__WHAT IS REQUIRED__
Would you please repeat exactly the entries below, starting at the line with "On this example, I" and ending at the line with "Hi everyone! In", and nothing outside that range? Leave out the pictures.

__DATA TO USE__
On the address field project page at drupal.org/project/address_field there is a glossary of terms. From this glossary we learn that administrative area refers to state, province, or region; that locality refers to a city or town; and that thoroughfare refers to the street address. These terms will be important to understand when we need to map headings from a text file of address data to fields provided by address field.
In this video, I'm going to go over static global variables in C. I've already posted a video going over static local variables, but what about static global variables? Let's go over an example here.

...

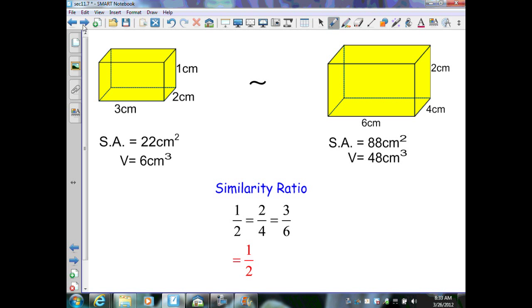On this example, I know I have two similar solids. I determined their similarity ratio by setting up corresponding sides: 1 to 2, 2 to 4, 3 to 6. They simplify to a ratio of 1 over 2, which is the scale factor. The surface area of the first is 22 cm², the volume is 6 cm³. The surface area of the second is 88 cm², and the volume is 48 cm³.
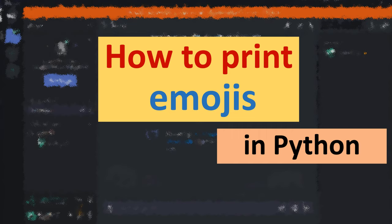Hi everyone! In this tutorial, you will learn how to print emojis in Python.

* * *

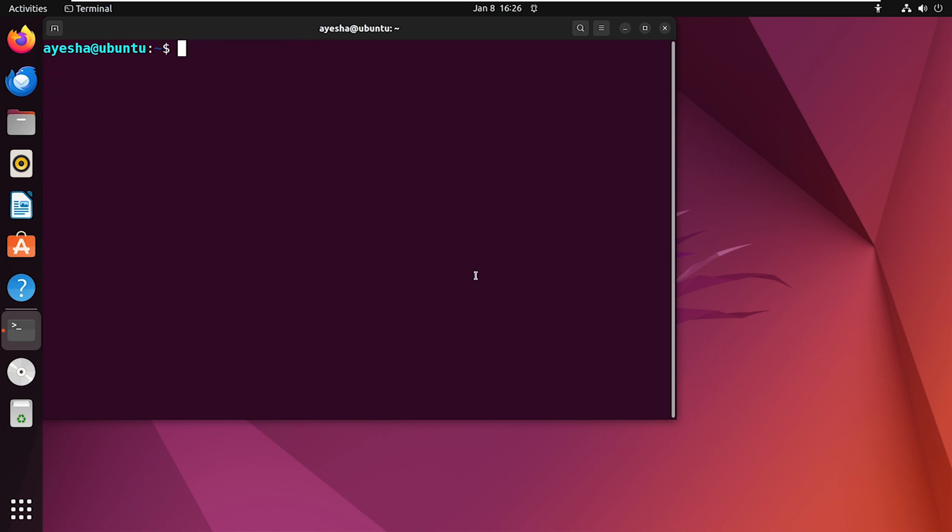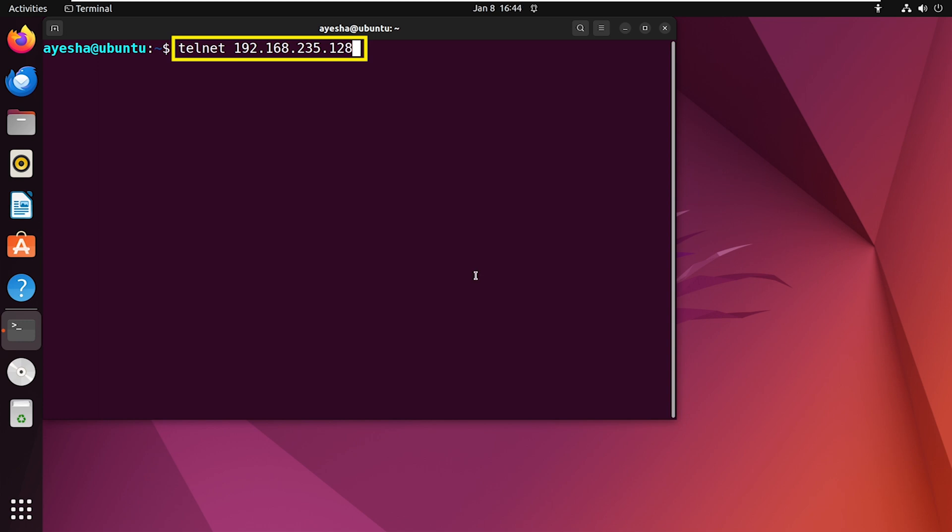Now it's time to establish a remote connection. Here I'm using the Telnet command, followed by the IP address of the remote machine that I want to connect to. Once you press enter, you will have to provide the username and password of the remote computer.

__RESPONSE FOR THIS EXERCISE__
On this example, I know I have two similar solids. I determined their similarity ratio by setting up corresponding sides: 1 to 2, 2 to 4, 3 to 6. They simplify to a ratio of 1 over 2, which is the scale factor. The surface area of the first is 22 cm², the volume is 6 cm³. The surface area of the second is 88 cm², and the volume is 48 cm³.
Hi everyone! In this tutorial, you will learn how to print emojis in Python.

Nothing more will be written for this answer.